- About this exercise:
Copy each line of the listing below exactly and drop the images.

Available data: Begin

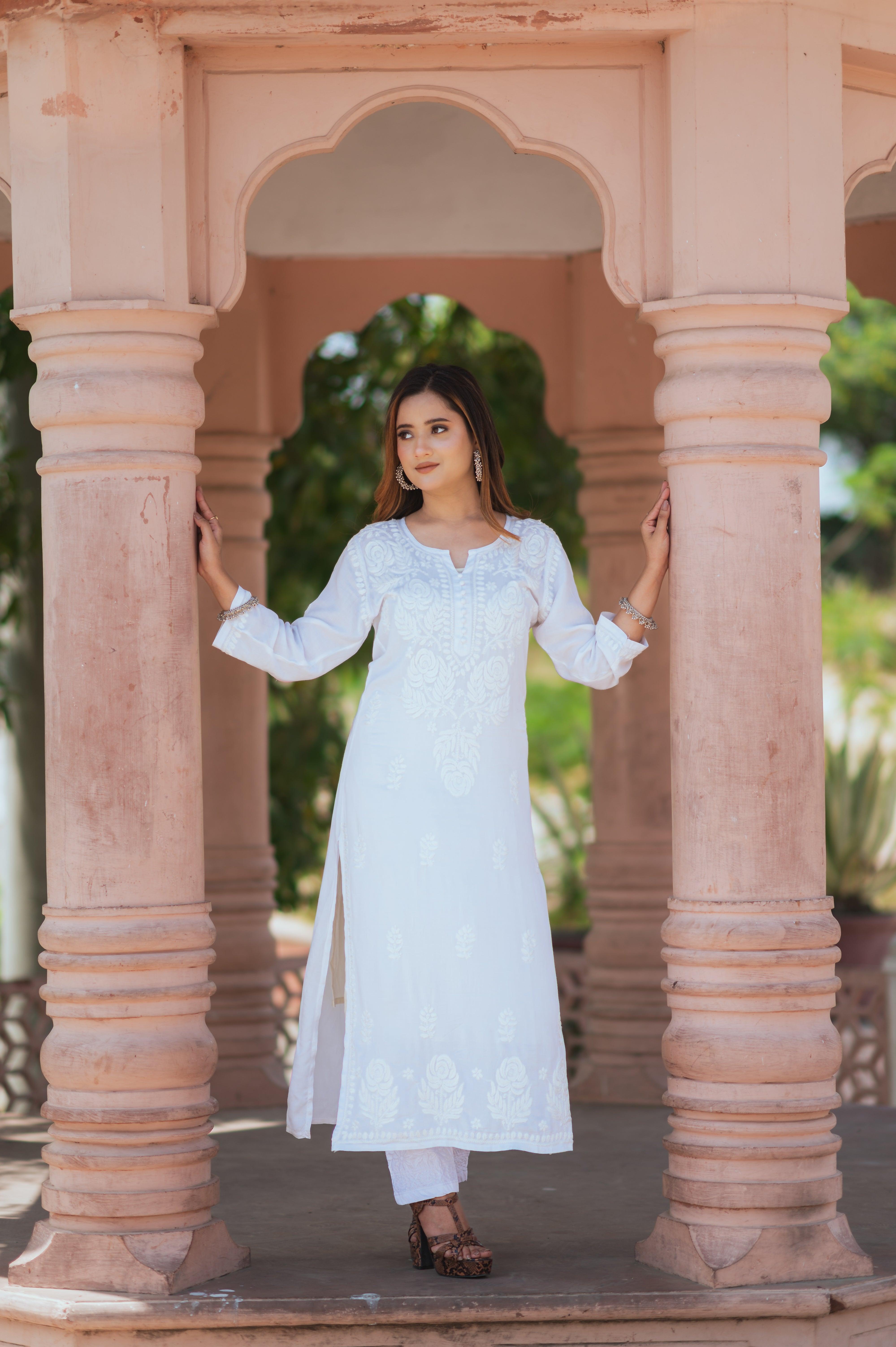 A woman in a white Chikankari kurti with intricate embroidery stands between two pillars, holding with her hands, looking to the side.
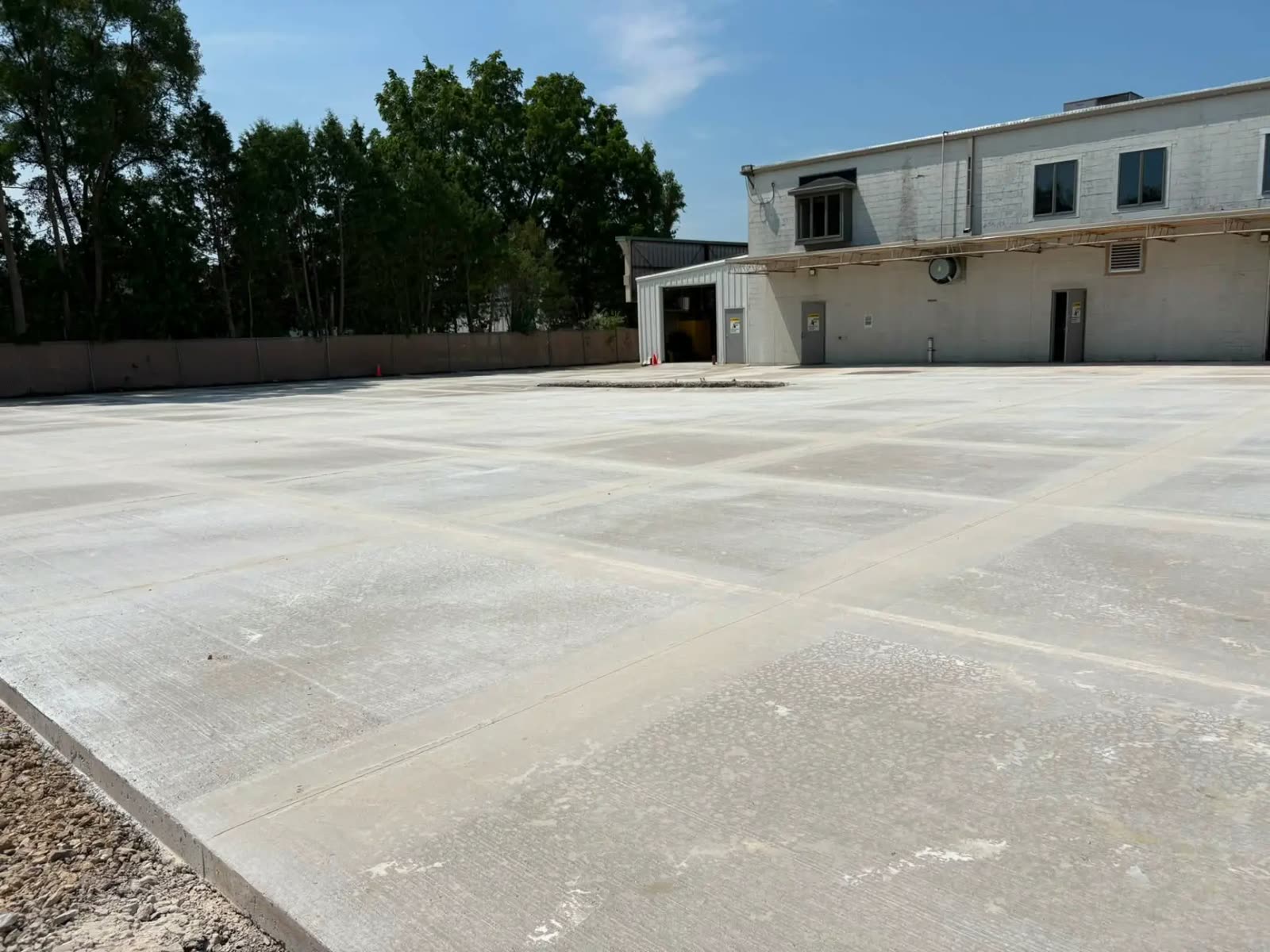 Large commercial concrete lot poured behind a warehouse
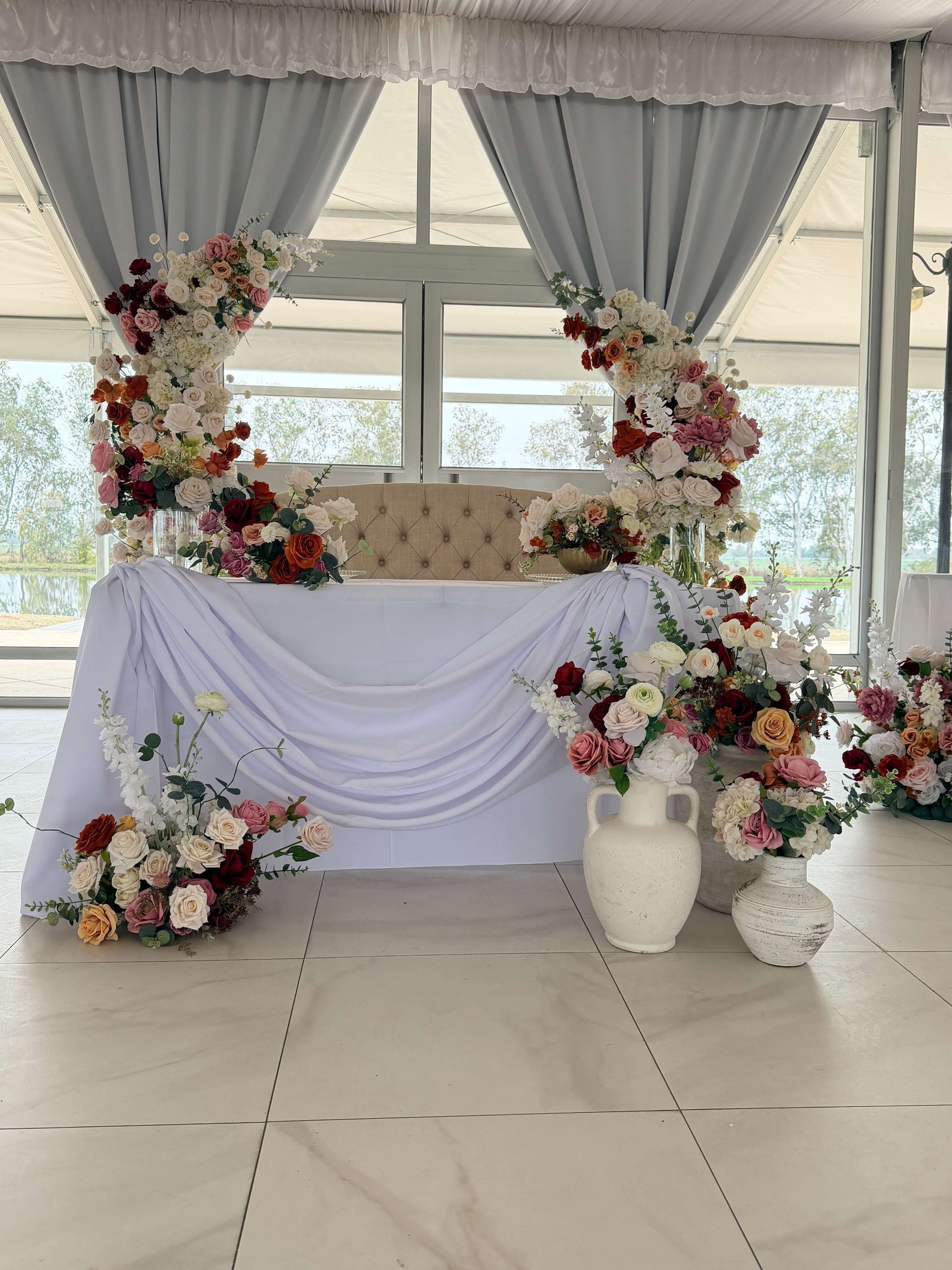 Wedding reception decor: floral arches around a table draped in white fabric, with vases of flowers.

Available data: End

- Reply:
 A woman in a white Chikankari kurti with intricate embroidery stands between two pillars, holding with her hands, looking to the side.
 Large commercial concrete lot poured behind a warehouse
 Wedding reception decor: floral arches around a table draped in white fabric, with vases of flowers.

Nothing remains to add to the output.